A View from Washington: Tax Reform and its Trade-Offs
- Tax Planning
With the failure of Congressional Republicans to repeal and replace the Affordable Care Act, tax reform now moves to the front of the line as the White House and Republicans look for their first major legislative policy win. The Republicans control Congress and the Presidency for the next two years which creates a sense of urgency to pass tax reform before the 2018 mid-term elections.
Tax reform with lower tax rates sounds great. However, tax reform is like an iceberg. What’s under the water and not seen is often more important. Tax reform plans create winners and losers and the House Republican leaders’ current plan (“Blueprint”) is no exception. As of this writing, it looks like the House Ways and Means Committee is planning a series of tax reform hearings around the Blueprint in May to June with Committee and full House approval planned before the August Congressional recess.
For this article, I focus on the Blueprint, which is the baseline tax reform proposal, and highlight considerations for individuals and small business. Future articles will review progress on tax reform as other stakeholders, like the White House and Senate, react to the Blueprint with their own ideas and discuss how the Senate’s arcane budget rules will shape the final deal. Keep in mind we are in the very early stages of the debate. I remain confident tax reform comes together in 2017.
Individual and Small Business Tax Reforms
|What’s in The Blueprint?|
Generally, the Blueprint is good news for individuals and small businesses that pass most of their income to owners (e.g. partnerships, LLCs, and S corporations). The Blueprint focuses on simplifying, flattening, and lowering tax rates on ordinary income, capital gains, dividends and interest income. It does this by replacing the existing seven tax brackets, with the highest tax rate at 39.6%, into three brackets with the highest rate at 33%. In addition, 50% of the net income from capital gains, dividends, and interest income would be excluded from tax. The result is a maximum 16.5% rate for higher income earners on investment income and capital gains.
Additionally, the Blueprint promises a special lower tax rate of 25% for active business income. House Republicans campaigned on this special tax rate for small business during the 2016 election. However, many Republicans, including the White House, are having second thoughts about the proposal because of tax compliance concerns.
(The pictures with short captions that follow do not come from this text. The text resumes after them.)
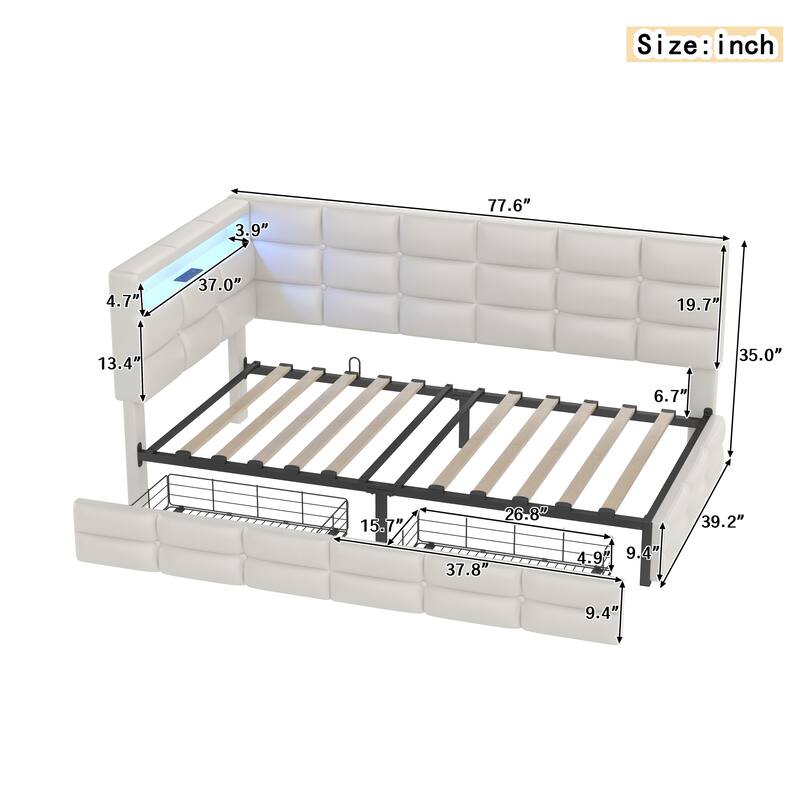 Daybed with 2 Drawers, Upholstered Daybed with Charging Station & LED Lights, Sofa Bed Frame with Storage Headboard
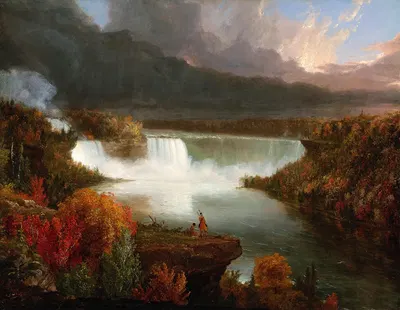 Дальний вид на Ниагарский водопад by Томас Коул, 1830 — digital art print download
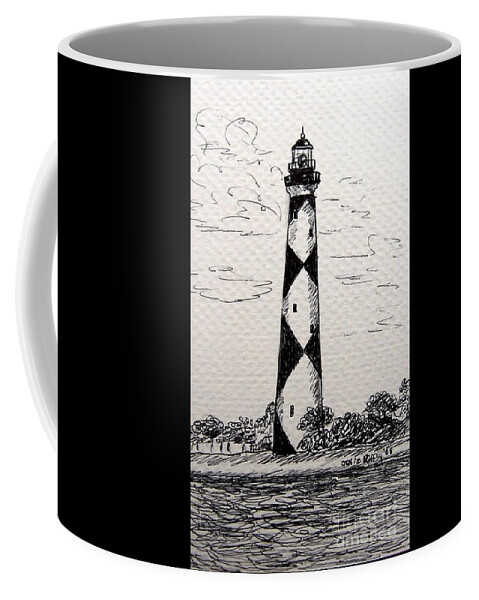 Lighthouse Coffee Mug featuring the drawing Cape Lookout Lighthouse NC by Julie Brugh Riffey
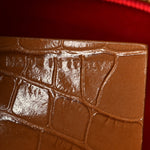 Calfskin Crocodile Embossed Studded Medium Paloma Brown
Tax compliance experts fear there will be a massive reclassification of wage income (taxed at higher rates) to active business income (taxed at the special 25% rate). I expect this provision will be either eliminated or limited as tax reform advances.
The Blueprint also calls for the repeal of the estate tax and the individual alternative minimum tax. Repeal of the estate tax remains one of the most popular with small business owners. However, the Blueprint does not repeal the 3.8% tax on net investment income included in the Affordable Care Act (“ACA”). The assumption is this tax would be repealed as part of the Republican’s plan to repair or replace the ACA, which has stalled.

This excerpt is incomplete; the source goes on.